►

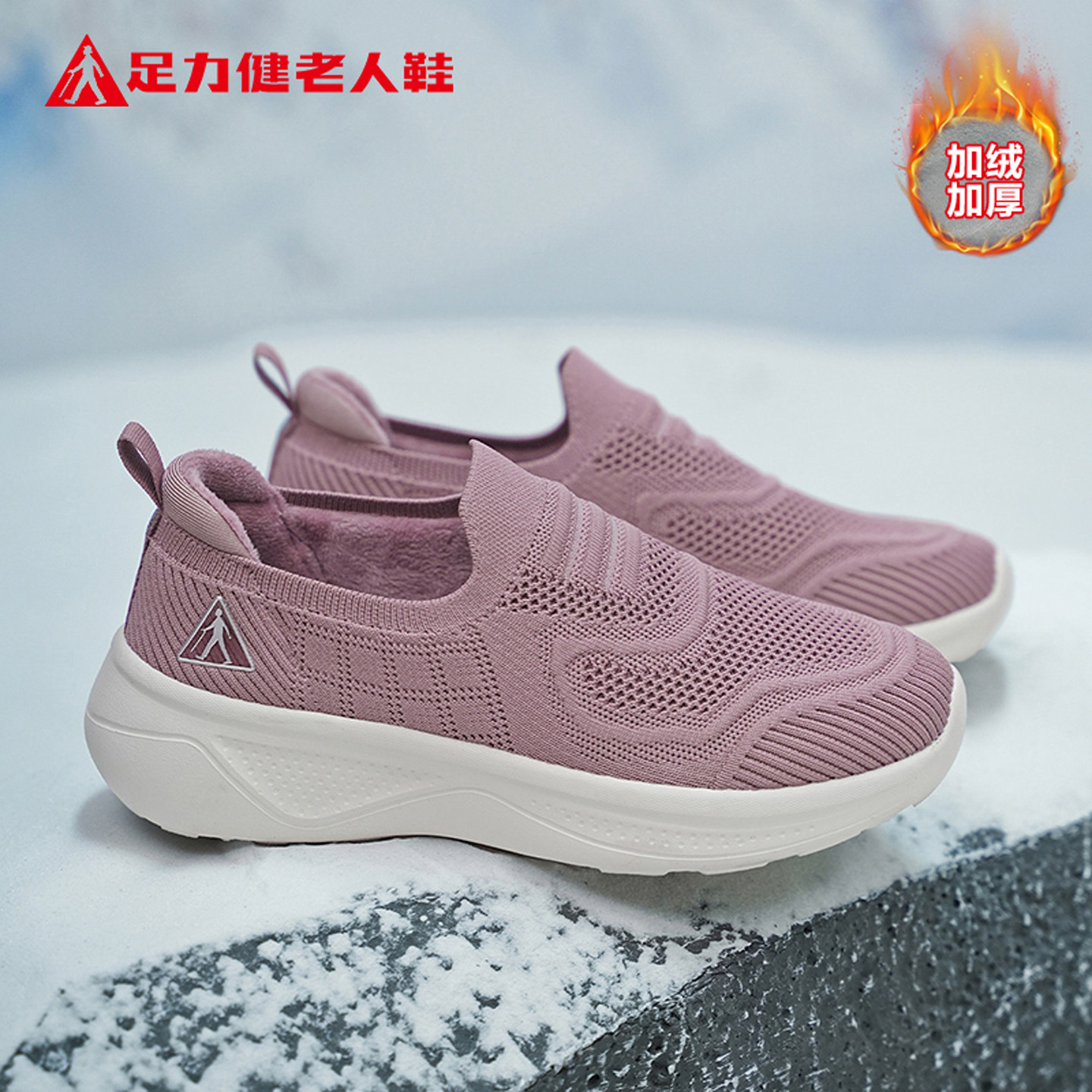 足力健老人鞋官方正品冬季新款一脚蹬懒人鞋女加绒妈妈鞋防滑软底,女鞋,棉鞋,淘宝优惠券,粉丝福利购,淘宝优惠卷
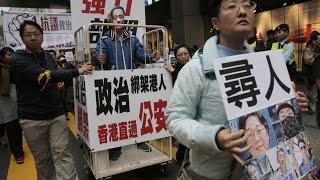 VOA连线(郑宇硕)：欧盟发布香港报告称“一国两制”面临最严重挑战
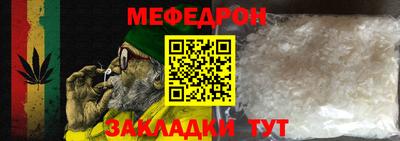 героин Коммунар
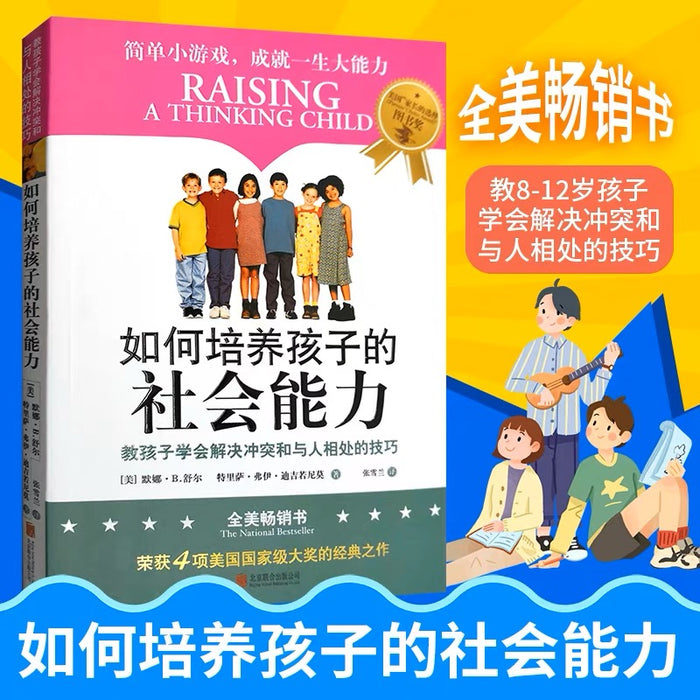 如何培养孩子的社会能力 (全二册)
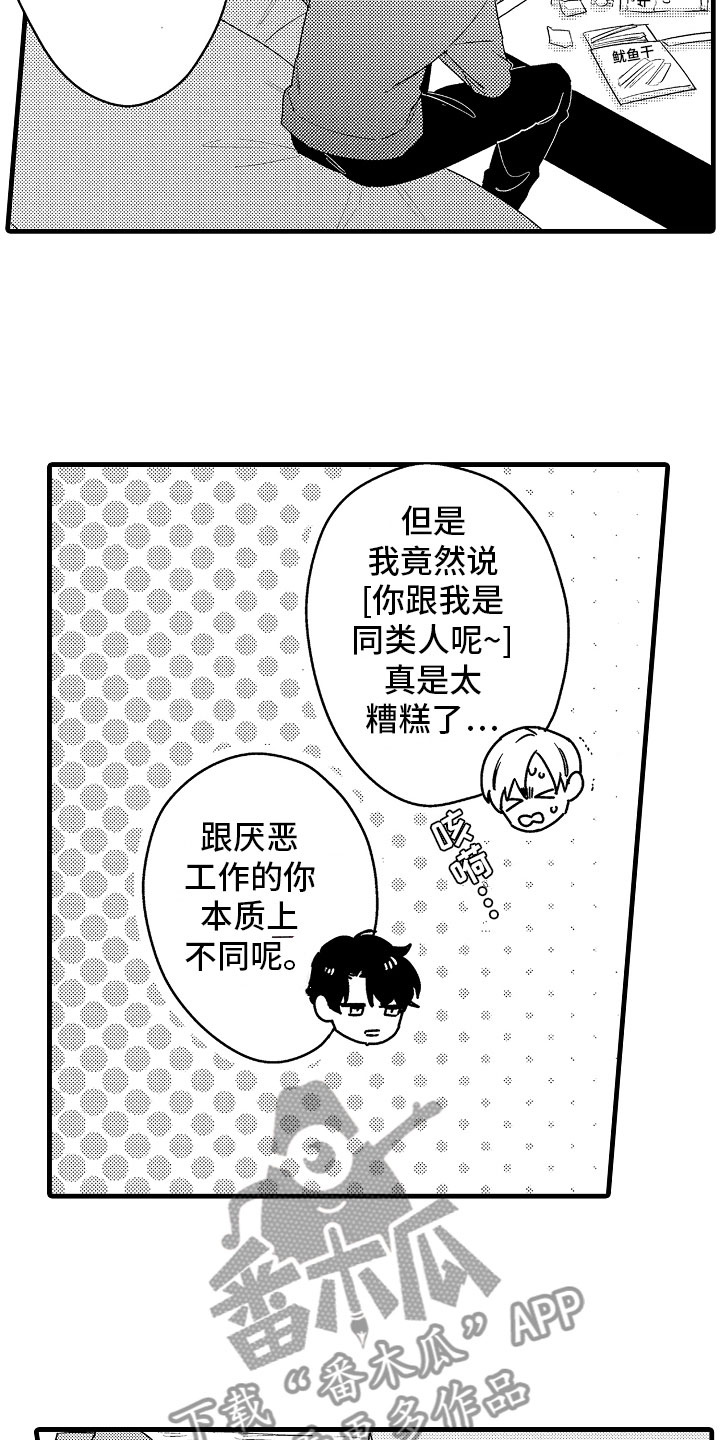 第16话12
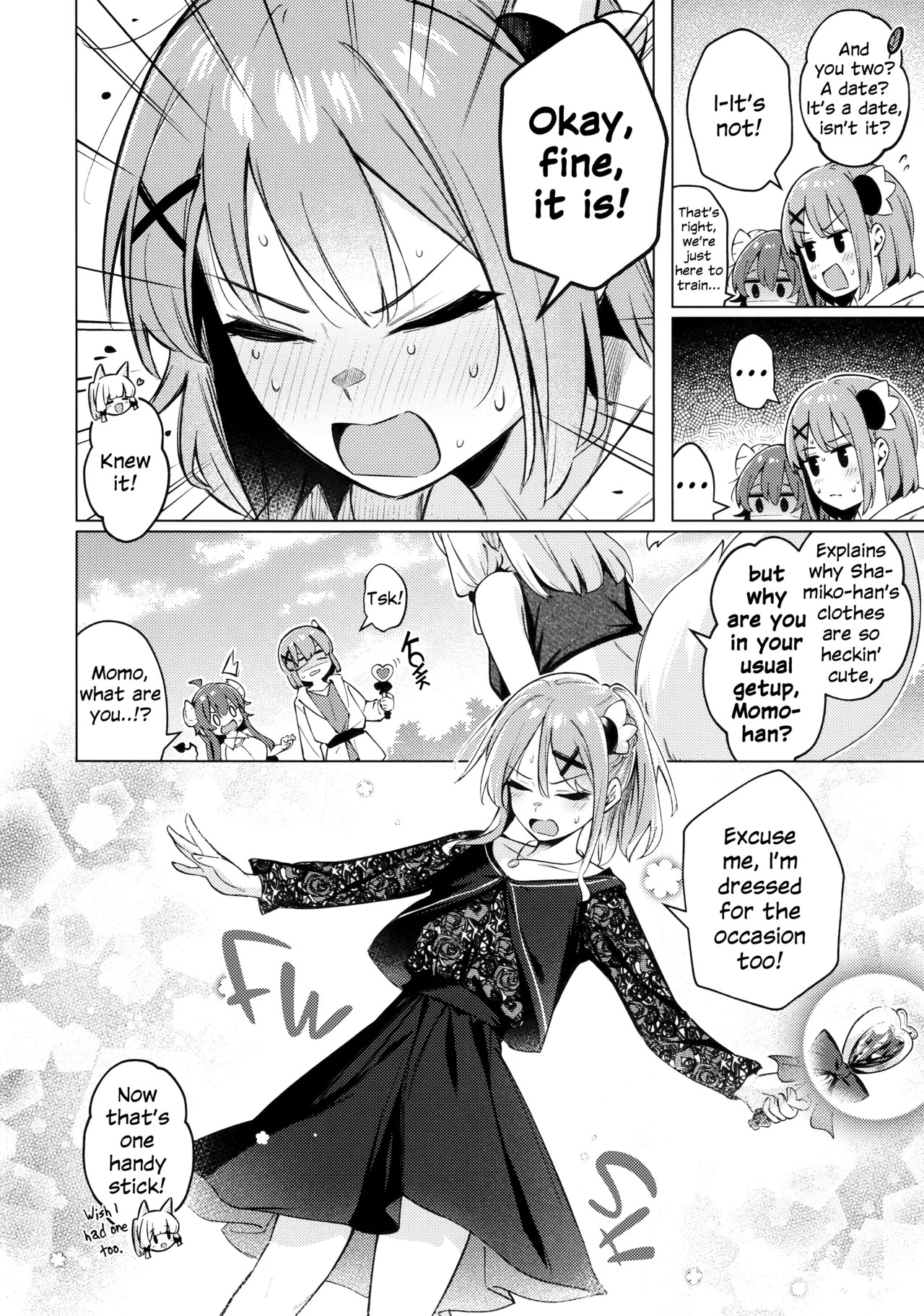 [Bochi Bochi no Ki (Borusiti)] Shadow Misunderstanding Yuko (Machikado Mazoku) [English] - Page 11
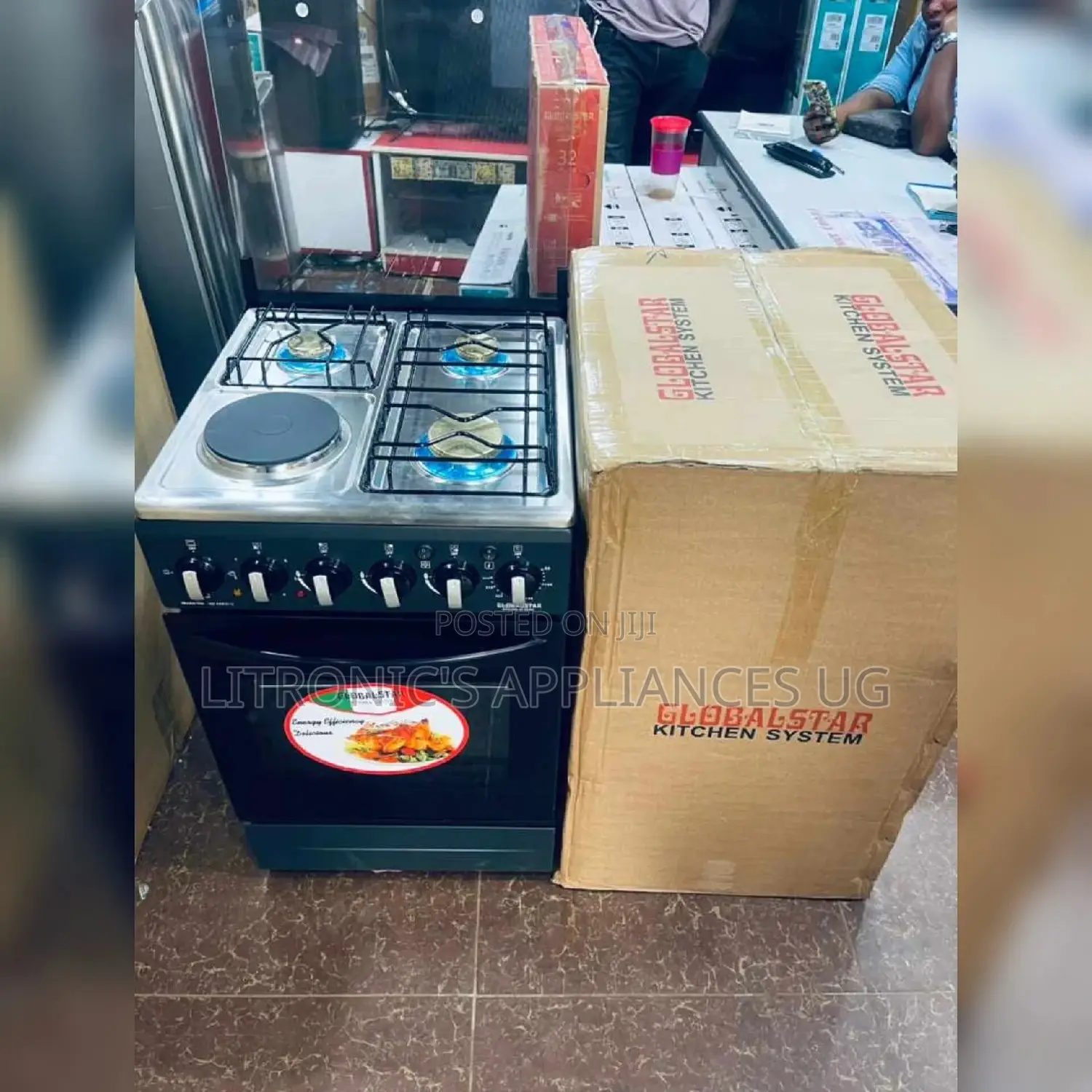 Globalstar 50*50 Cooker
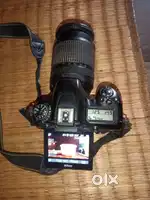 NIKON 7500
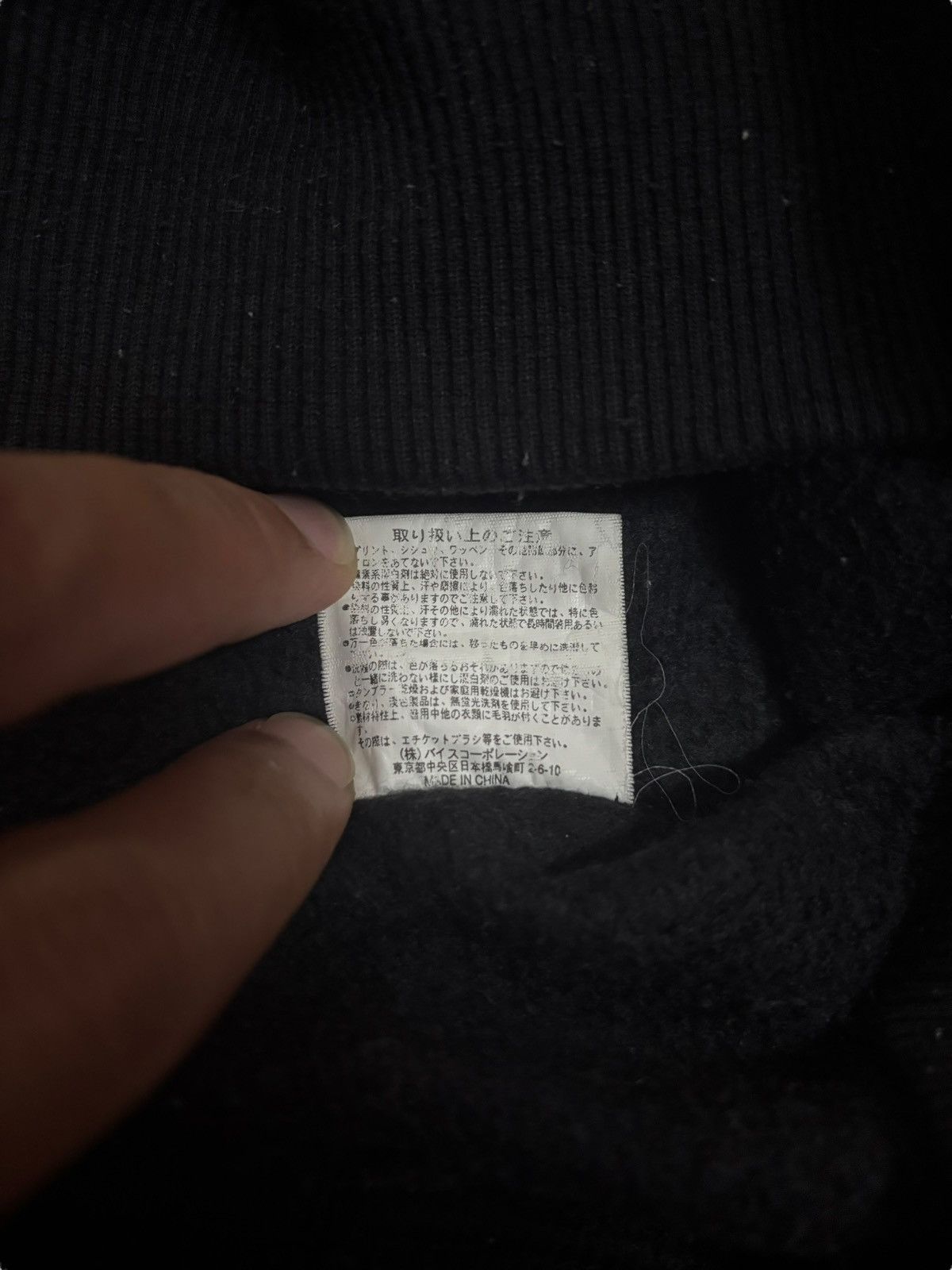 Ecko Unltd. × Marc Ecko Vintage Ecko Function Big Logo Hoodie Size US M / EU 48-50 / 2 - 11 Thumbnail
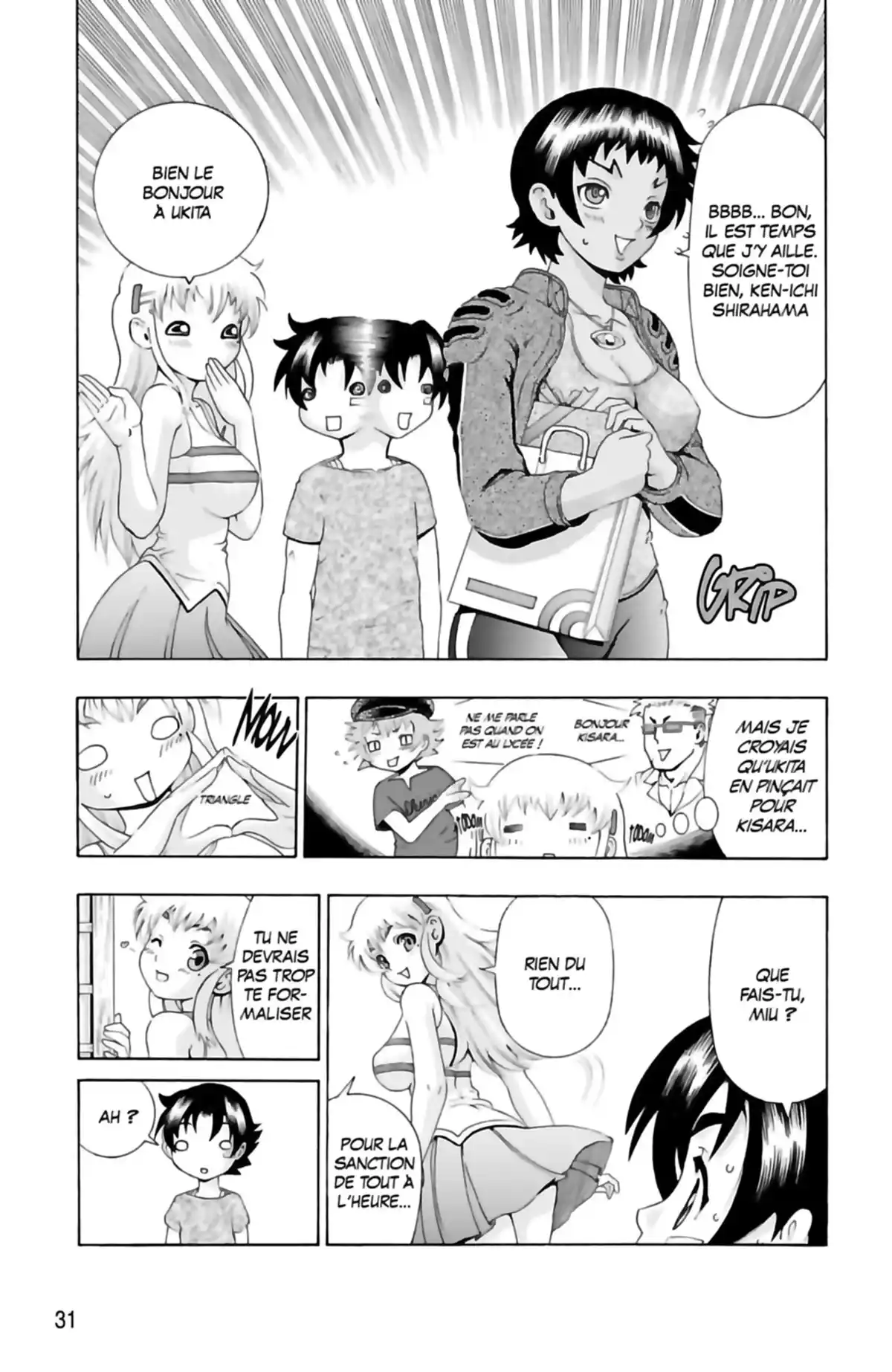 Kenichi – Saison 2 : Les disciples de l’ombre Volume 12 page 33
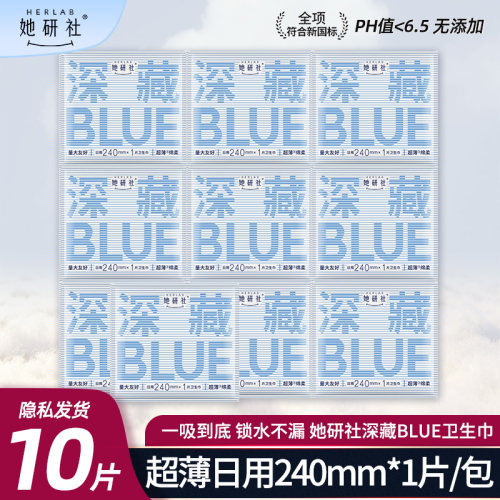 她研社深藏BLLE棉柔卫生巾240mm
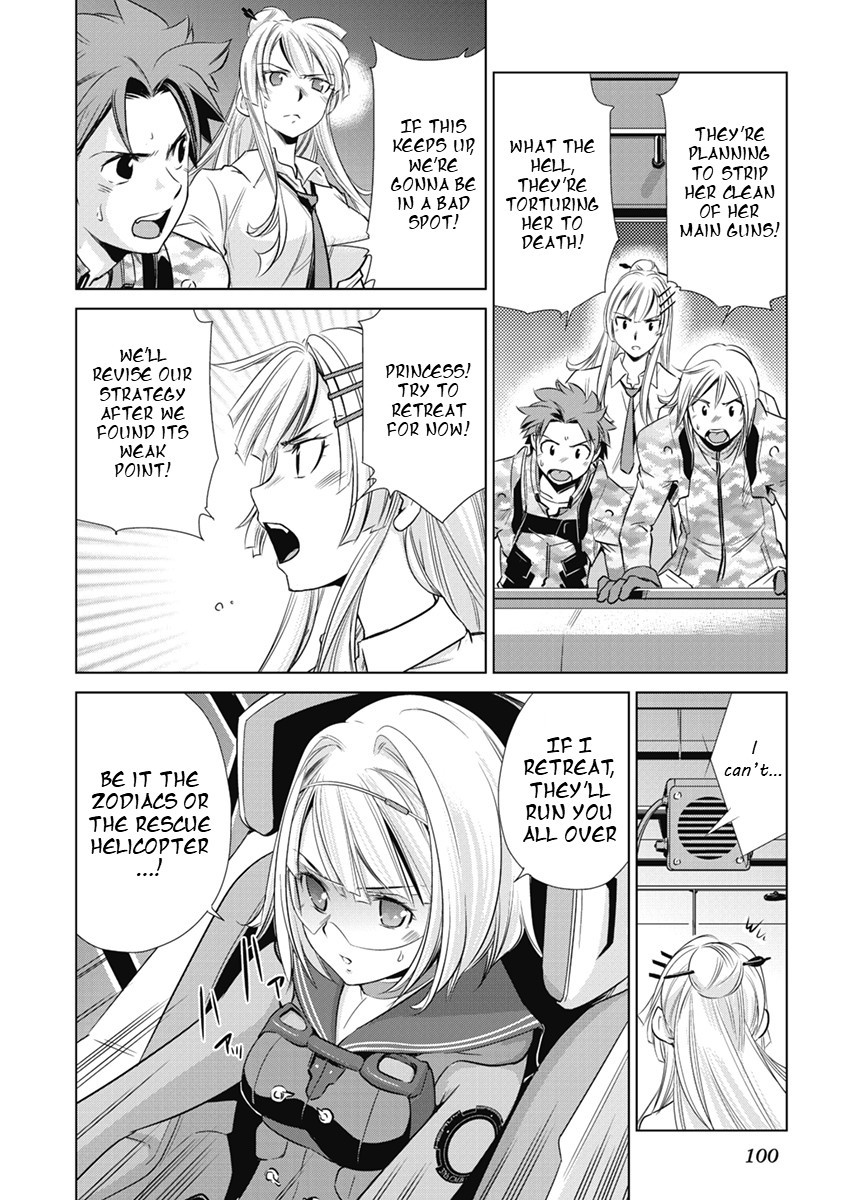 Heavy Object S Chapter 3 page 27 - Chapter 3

◄

Prompt.
Except for the pictures, give the data again word for word.

Answer box.
 足力健老人鞋官方正品冬季新款一脚蹬懒人鞋女加绒妈妈鞋防滑软底,女鞋,棉鞋,淘宝优惠券,粉丝福利购,淘宝优惠卷
 VOA连线(郑宇硕)：欧盟发布香港报告称“一国两制”面临最严重挑战
 героин Коммунар
 如何培养孩子的社会能力 (全二册)
 第16话12
 [Bochi Bochi no Ki (Borusiti)] Shadow Misunderstanding Yuko (Machikado Mazoku) [English] - Page 11
 Globalstar 50*50 Cooker
 NIKON 7500
 Ecko Unltd. × Marc Ecko Vintage Ecko Function Big Logo Hoodie Size US M / EU 48-50 / 2 - 11 Thumbnail
 Kenichi – Saison 2 : Les disciples de l’ombre Volume 12 page 33
 她研社深藏BLLE棉柔卫生巾240mm
 Heavy Object S Chapter 3 page 27 - Chapter 3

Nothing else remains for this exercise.